#### TASK ITEM
The result should be the lines from the one that contains "Equithrive Joint (1 lb)" to the final line of the entries below, copied exactly and with no pictures.

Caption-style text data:
----
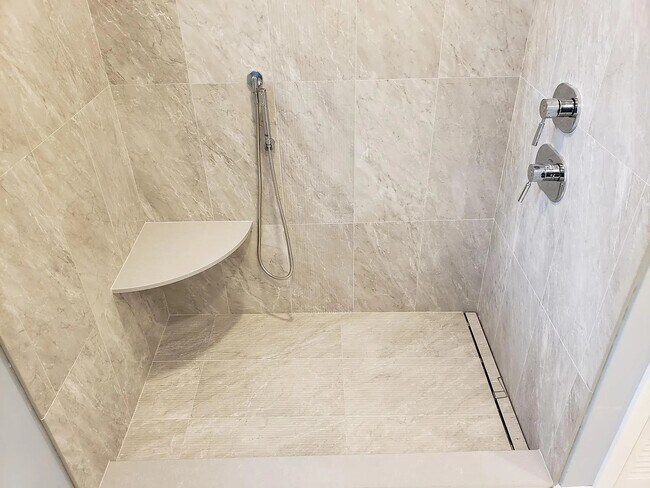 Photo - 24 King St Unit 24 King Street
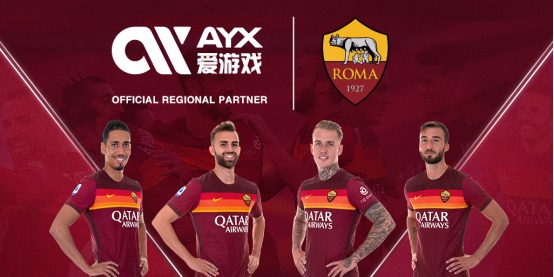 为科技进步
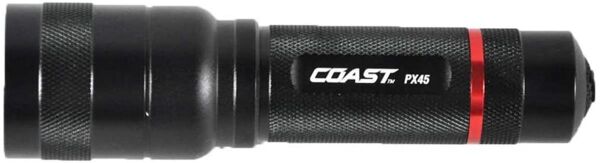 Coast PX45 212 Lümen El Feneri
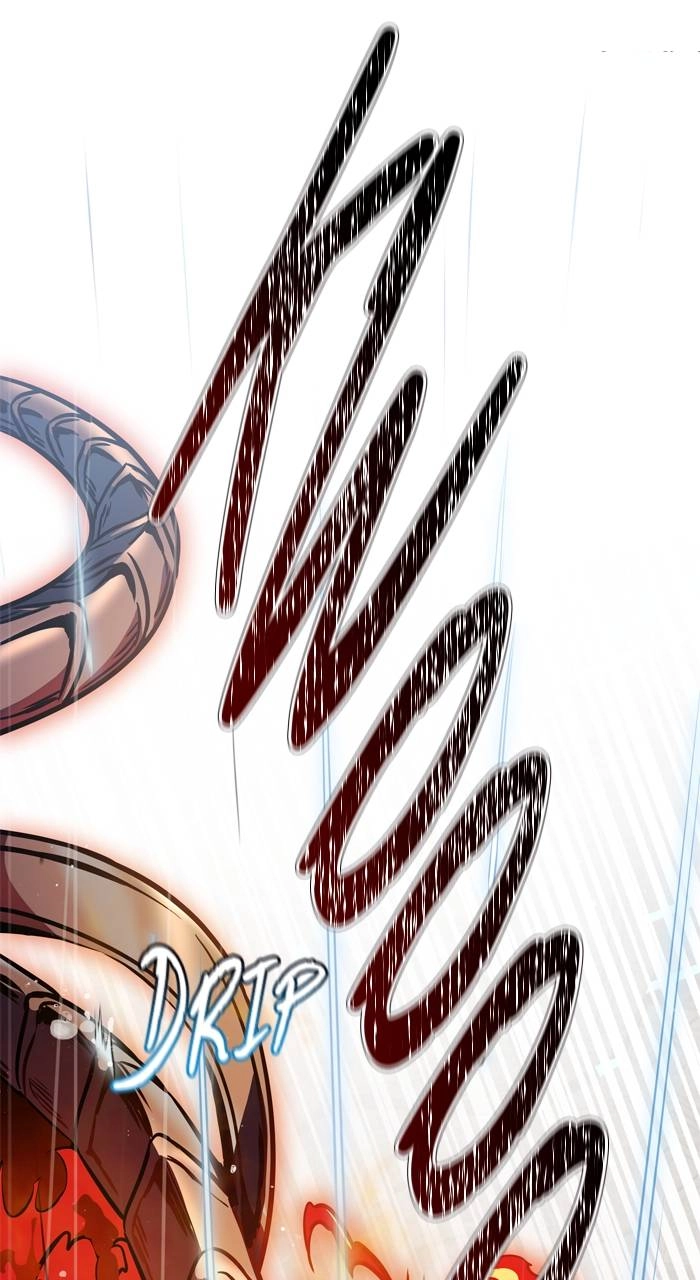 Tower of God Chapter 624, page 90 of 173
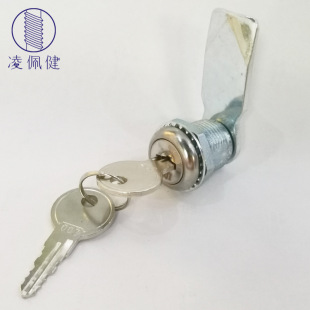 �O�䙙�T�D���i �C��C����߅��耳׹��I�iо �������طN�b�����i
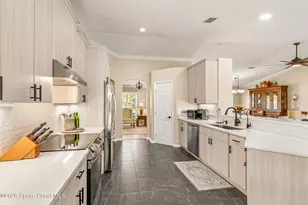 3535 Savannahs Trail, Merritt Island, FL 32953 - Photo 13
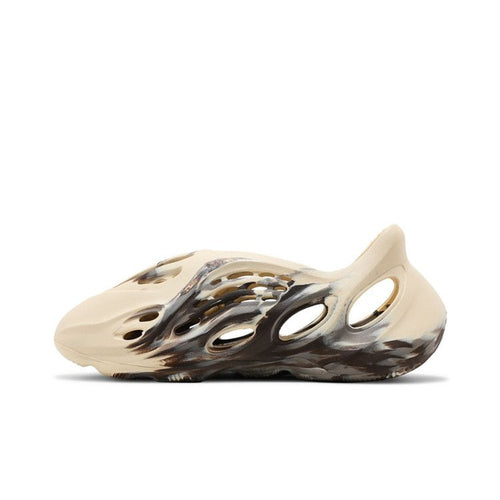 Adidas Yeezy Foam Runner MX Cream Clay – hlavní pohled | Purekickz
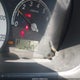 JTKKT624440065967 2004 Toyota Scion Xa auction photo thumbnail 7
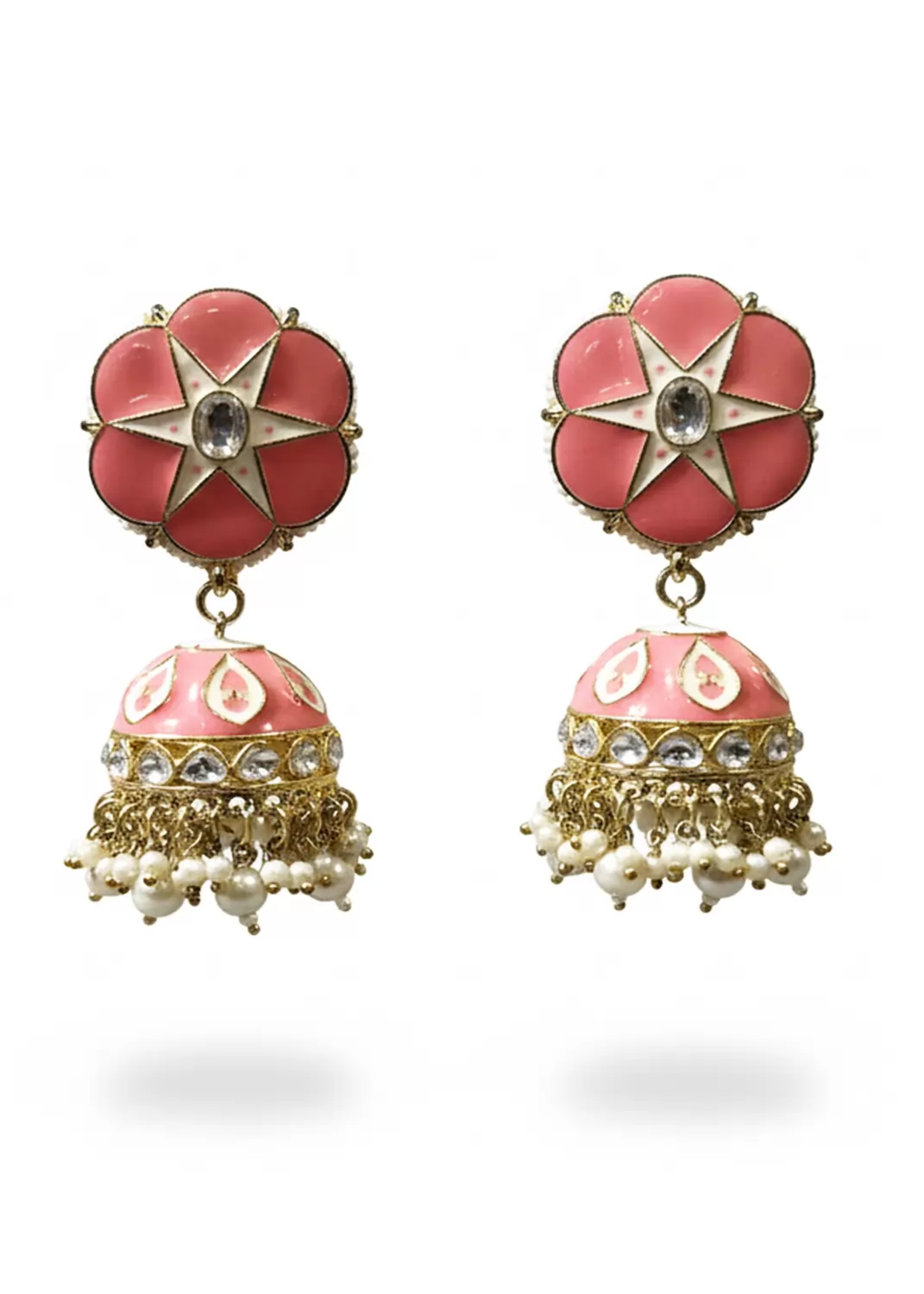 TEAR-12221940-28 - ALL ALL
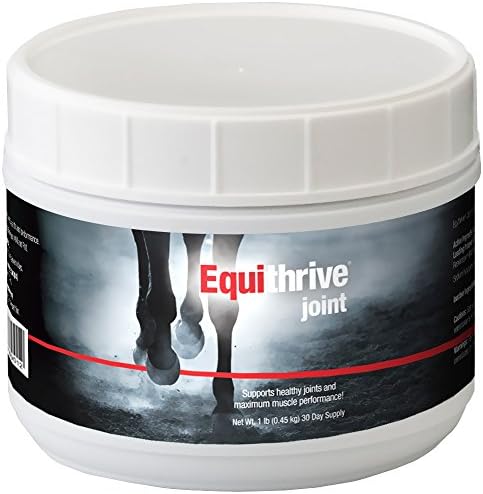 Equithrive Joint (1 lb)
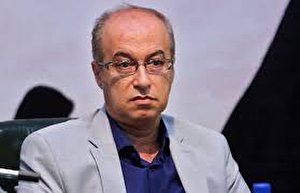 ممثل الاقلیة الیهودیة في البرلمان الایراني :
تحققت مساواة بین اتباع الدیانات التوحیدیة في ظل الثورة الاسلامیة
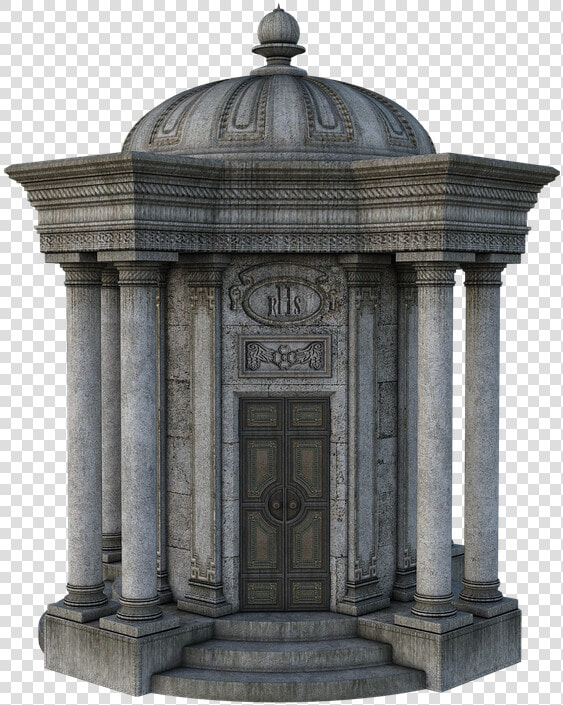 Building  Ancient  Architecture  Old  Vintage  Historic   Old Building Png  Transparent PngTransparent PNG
----
#### FINISHED TASK
 Equithrive Joint (1 lb)
 ممثل الاقلیة الیهودیة في البرلمان الایراني :
تحققت مساواة بین اتباع الدیانات التوحیدیة في ظل الثورة الاسلامیة
 Building  Ancient  Architecture  Old  Vintage  Historic   Old Building Png  Transparent PngTransparent PNG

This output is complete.